An excellent example of this is a player on the minimum salary ($563,500) would make about $262,000.

It’s important to note that about 65% of all players in MLB make a million or less, per Rogers.

If a player were set to make $35 million this season, his salary under the new proposal would have him earn $7.8 million, says Rogers.

The proposal has $200 million in playoff bonuses, $25 million for the completion of the division series, $50 million for completion of the league championship series, and $125 million for the completion of the World Series.

The playoff bonuses are a nice addition, but it’s still a horrible proposal.

It’s not fair to severely penalize players who have a high salary to compensate players with a low salary.

The league was considering a 50-50 revenue split with the players, but that idea was rejected by MLBPA director Tony Clark who said the idea was like having a salary cap.

It would have been interesting to see how much money the players would have received under the revenue split and compared it to the new proposal.

MLBPA Will Request A Longer 2020 Schedule, Full Prorated Salaries

The Major League Baseball Players Association submitted their counterproposal to MLB yesterday for a 2020 season, per Ken Rosenthal and Evan Drellich of The Athletic.

 

The proposal includes a 114-game season beginning June 30 and ending October 31.

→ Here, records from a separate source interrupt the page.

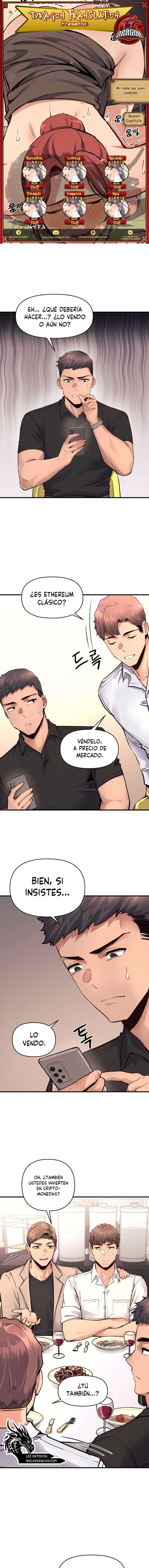 Mi Vida es Pan Comido Capítulo 17 - Página 2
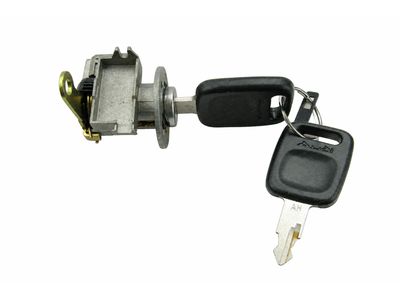 1989 Audi 90 Quattro Door Lock Cylinder - 893-837-064-H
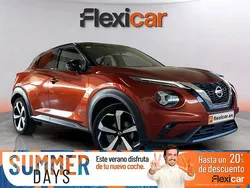 Naranja Usado 2020 Nissan Juke SUV | 17.490 € (Precio justo)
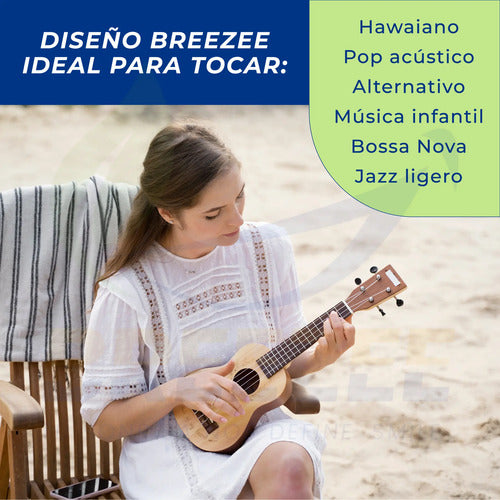 BREEZEE UKELELECAOBA21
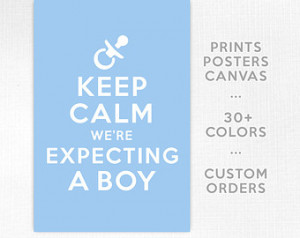 Expecting Baby Boy Quotes Expecting a boy, baby blue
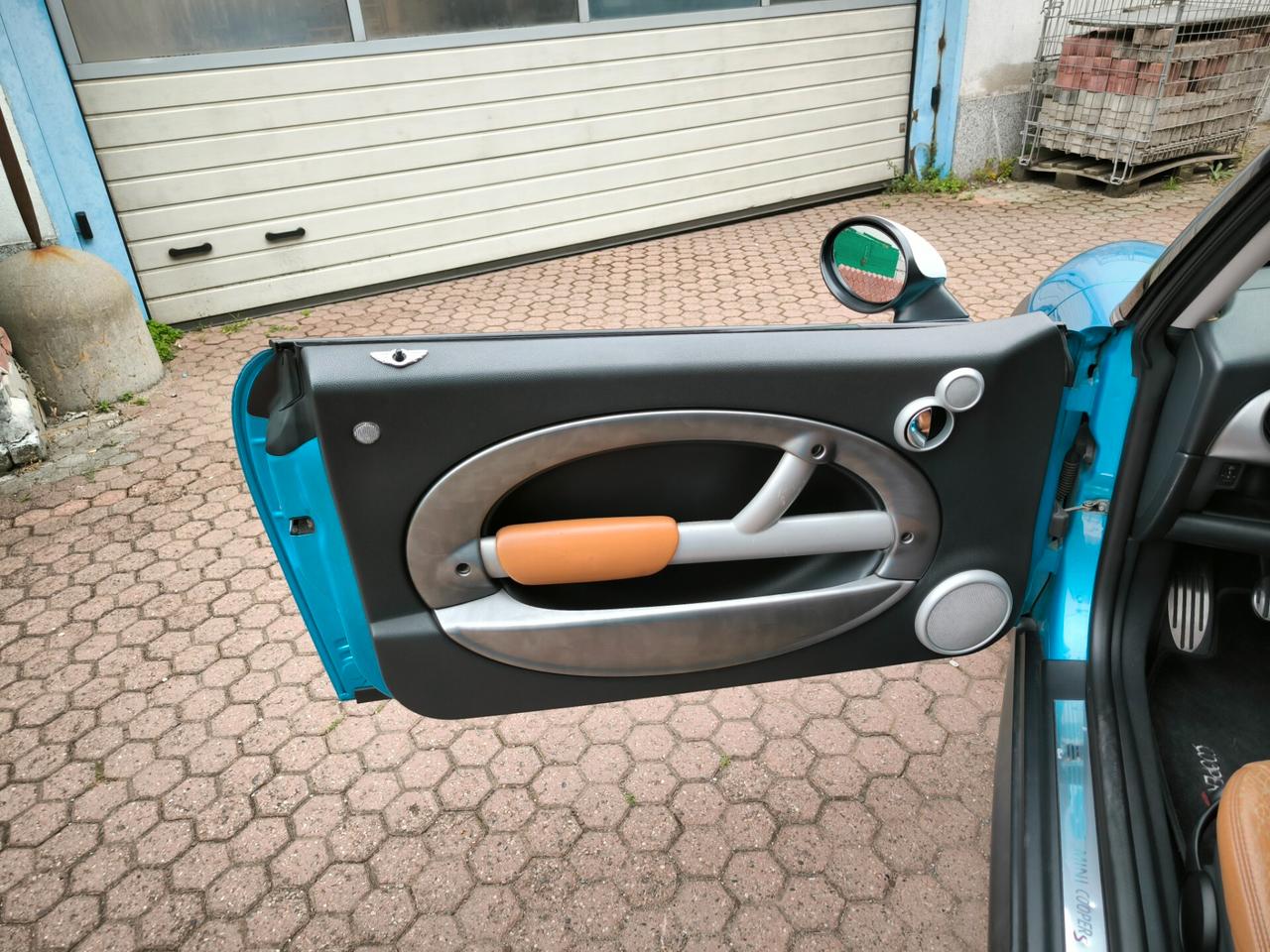 Mini 1.6 16V Cooper S R53 2003 -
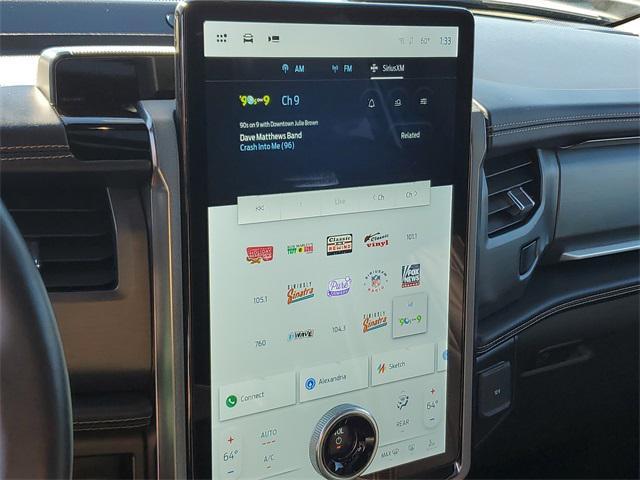 used 2024 Ford Expedition car, priced at $62,487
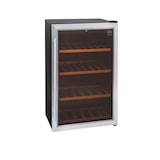 thumbnail of METRO PROFESSIONAL Vinoteca GWC3040, 54 x 54 x 83 cm, 128 L, 48 botellas, negro / plata
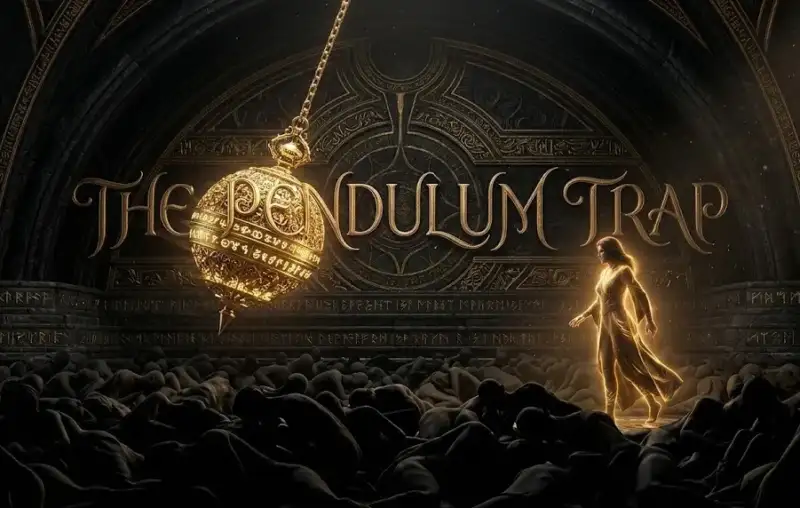 Выход из ловушки энергоинформационного маятника реальности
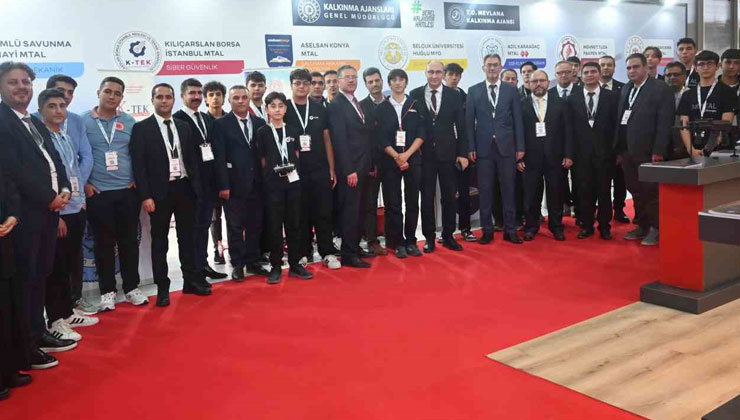 Savunma Sanayiinin yeni neferleri MEVKA desteğiyle yetişiyor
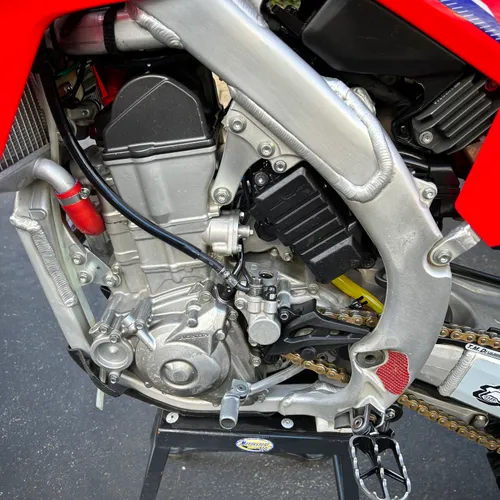 2022 Crf450r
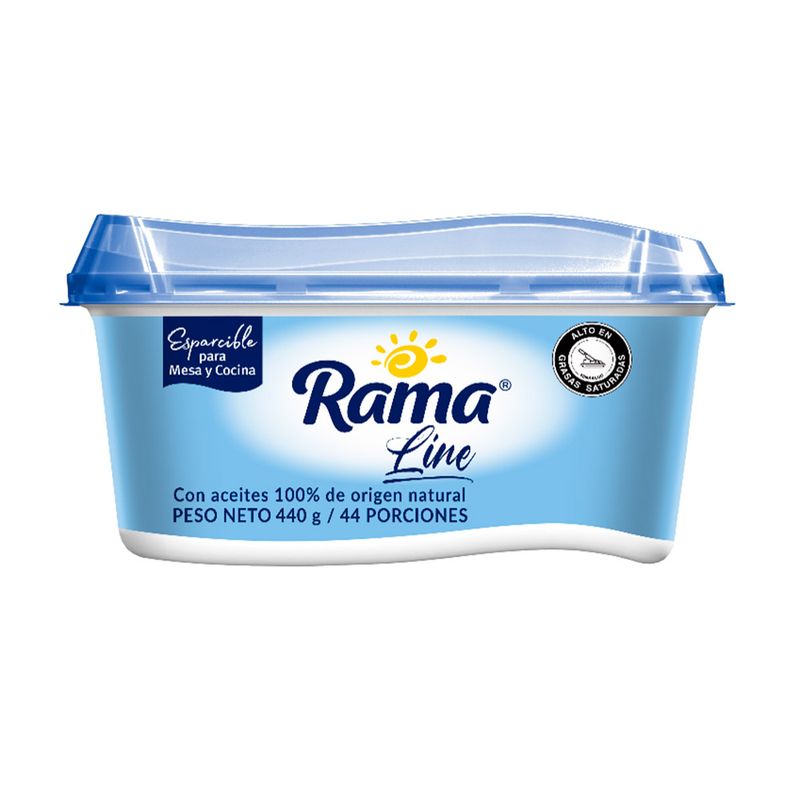 Rama mantequilla Esparcible Line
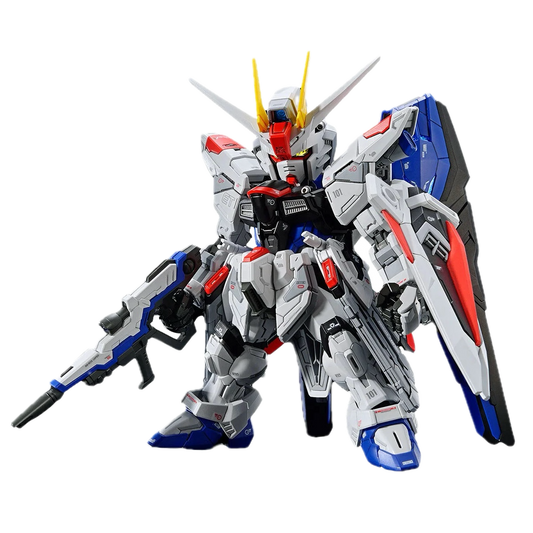 Bandai MGSD ZGMF-X10 Freedom Gundam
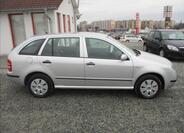 Škoda Fabia 4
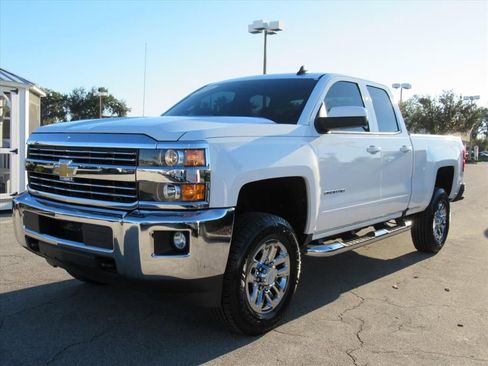 Used 2016 Chevrolet Silverado 2500 LT w/ All Star Edition image 3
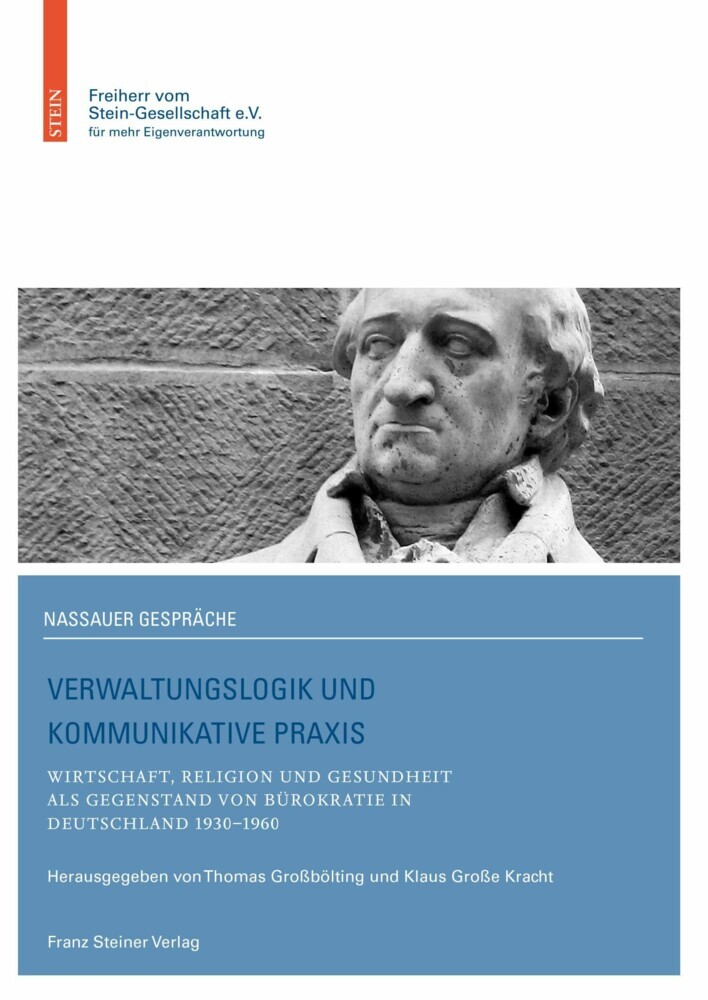 Verwaltungslogik und kommunikative Praxis main product photo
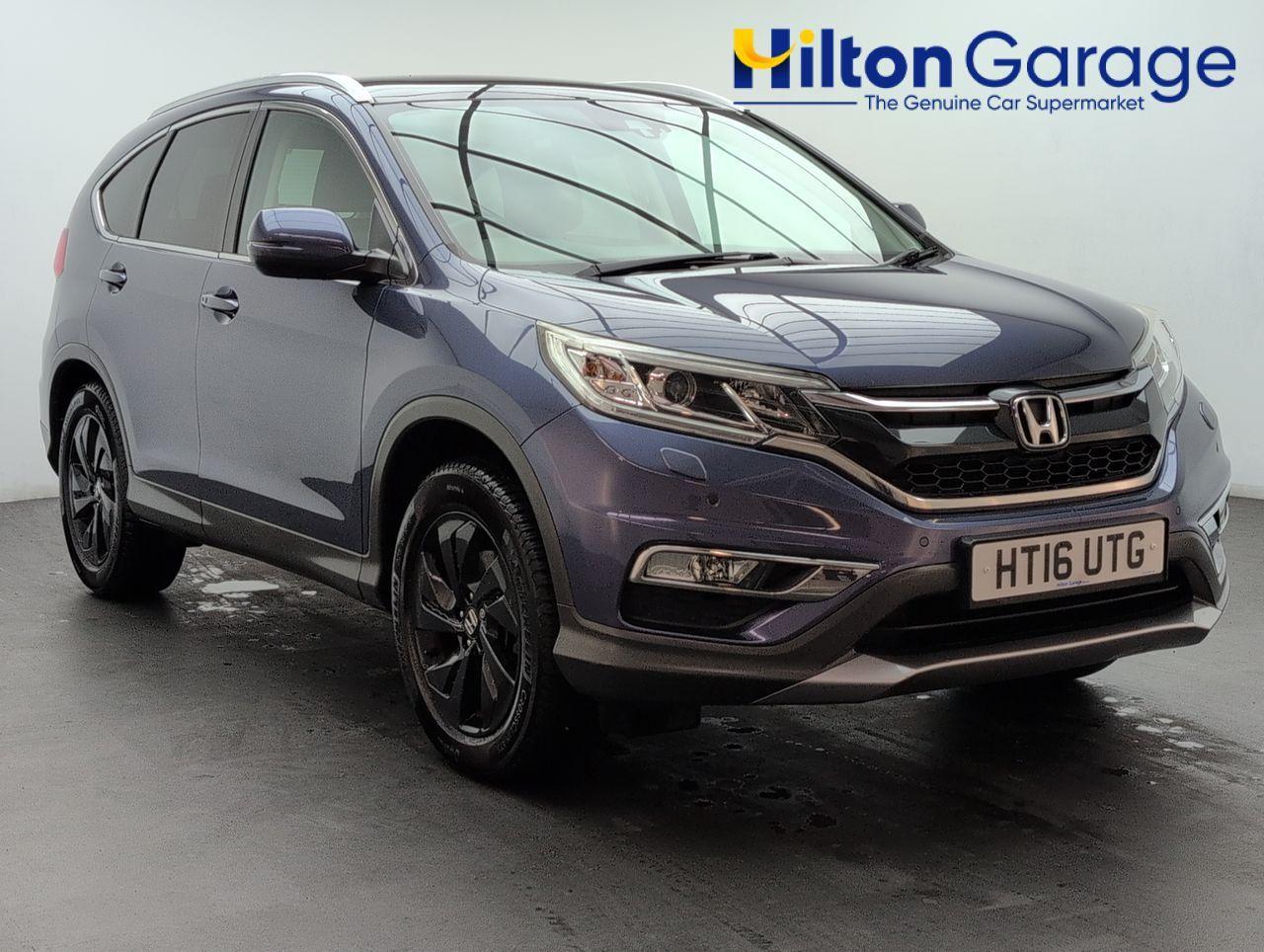 Used Honda CR-V 2016 for sale - 76425768: Photo 1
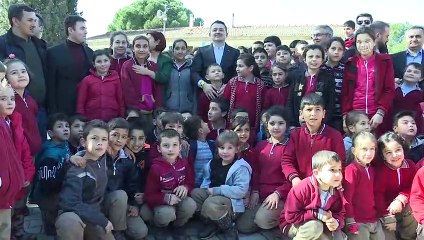 Pakdemirli: 'Seferihisar'da ne yapmış ki İzmir'e ne yapacak' - İZMİR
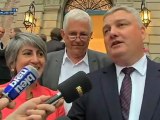 Législatives: les résultats en Alsace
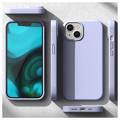 Ringke iPhone 14 Plus Liquid Silikone Cover - Lilla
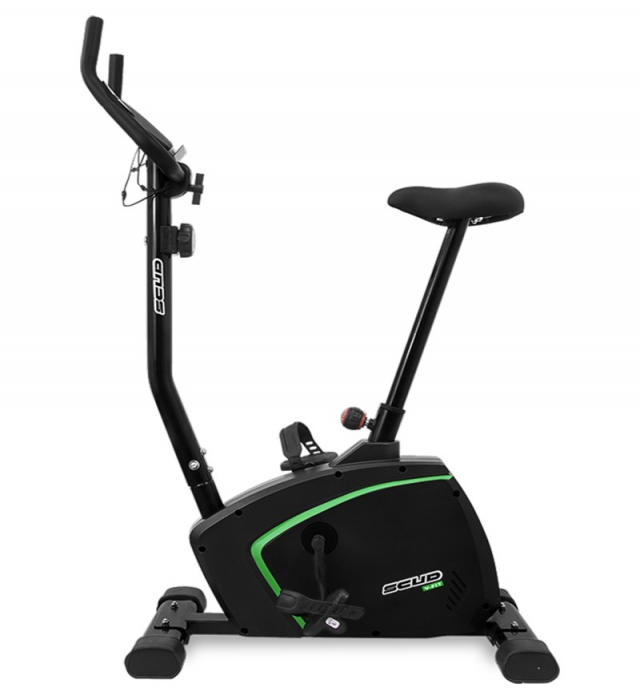 Bicicleta magnetica Scud V-Fit-verde [2]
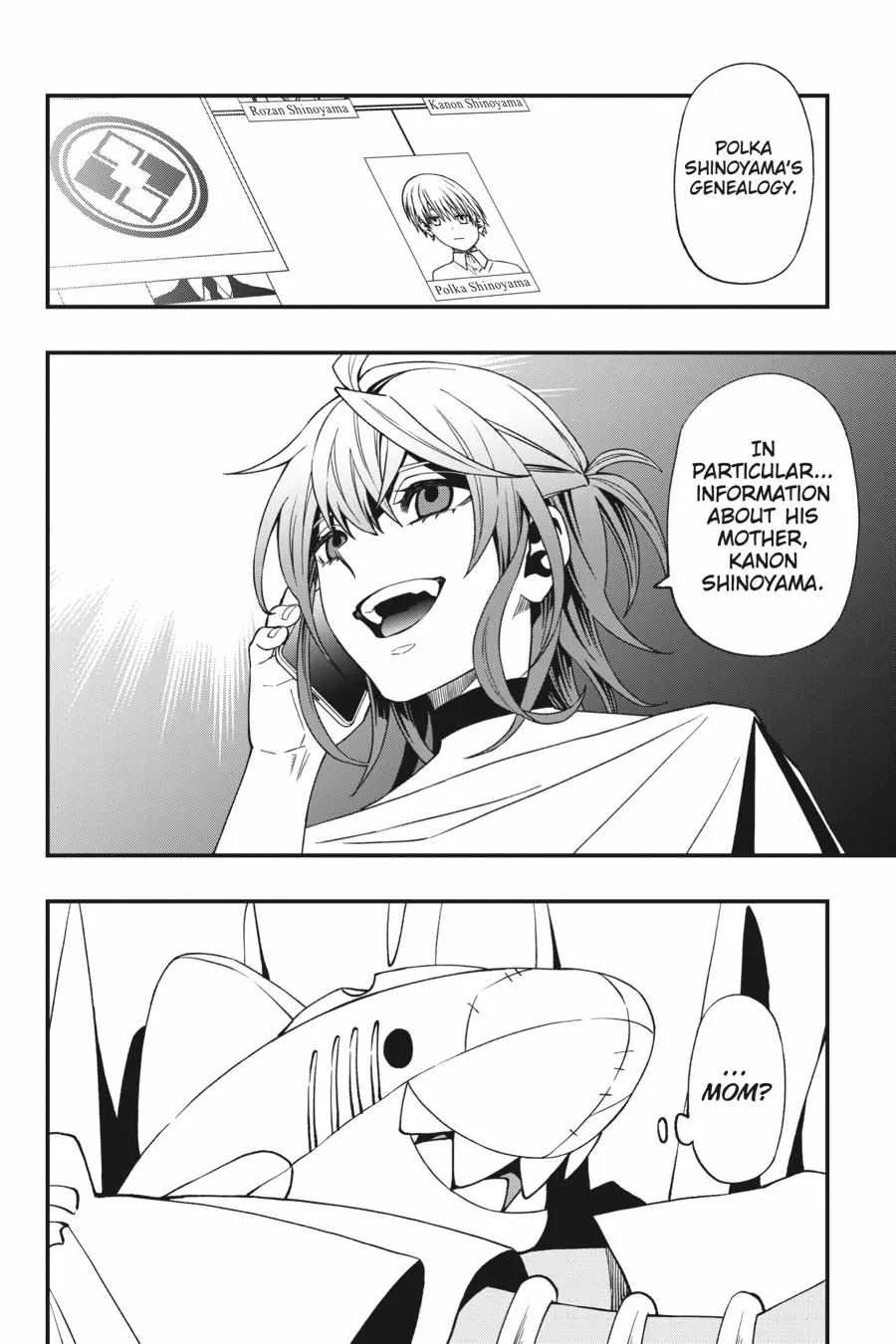Dead Mount Death Play Chapter 72 page 24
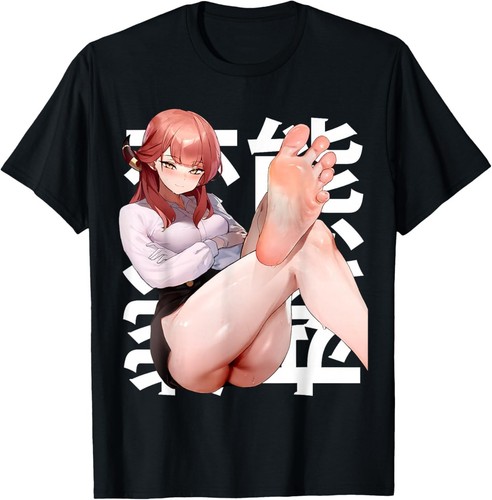 Maglietta otaku submissive - otaku,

The ability for any player to opt out of playing if they chose.

There would be expanded playoffs in 2020, 2021, and $100 million in deferred payments if the 2020 postseason is canceled, per Drellich.

The deferrals would apply to contracts of $10 million above (before being prorated). The payments would occur in November 2021 and 2022, says Drellich.

The players who are “high risk” with the coronavirus pandemic or live with someone “high-risk” can opt out of playing and still receive a full salary and service time, while other players who prefer to opt out would just get service time.

The MLBPA is open to other ways of generating additional revenue such as a postseason or offseason Home Run Derby, All-Star Game, and other special events.

The proposal by the MLBPA to increase the length of the season from 82 games to 114 and asking for full prorated salaries, allows players to receive 70% of what they expected to make during the 2020 campaign.

Hopefully, both the league and players association can agree on financial terms as it is a significant step in baseball being played in 2020.

MLB Teams Cut Hundreds of Minor League Players

The coronavirus pandemic postponed the beginning of the 2020 baseball season, and MLB teams agreed to pay minor leaguers $400 per week through May 31.

A couple of days ago, hundreds of minor leaguers were released, and more will be released over the next week.

The result could see 1,000 total players being released.

There are roster moves like this that happen throughout the year, but the coronavirus pandemic and expected cancellation of the 2020 minor league season has led to more cuts than usual, per Jeff Passan of ESPN.

There are at least 11 teams who have cut minor leaguers, according to Robert Murray.

Murray spoke to some minor-league players who said they were “terrified,” “scared,” and “nervous.”

Though, it’s a rough time to be a minor leaguer, a player in the majors has stepped up hugely.

Los Angeles Dodgers starting pitcher David Price will pay $1,000 out of his money during June to each minor league player in the Dodgers system (40-man roster not included), per Francys Romero.

The generous gesture by Price shows he is an individual with high character as he will impact the lives of 221 people.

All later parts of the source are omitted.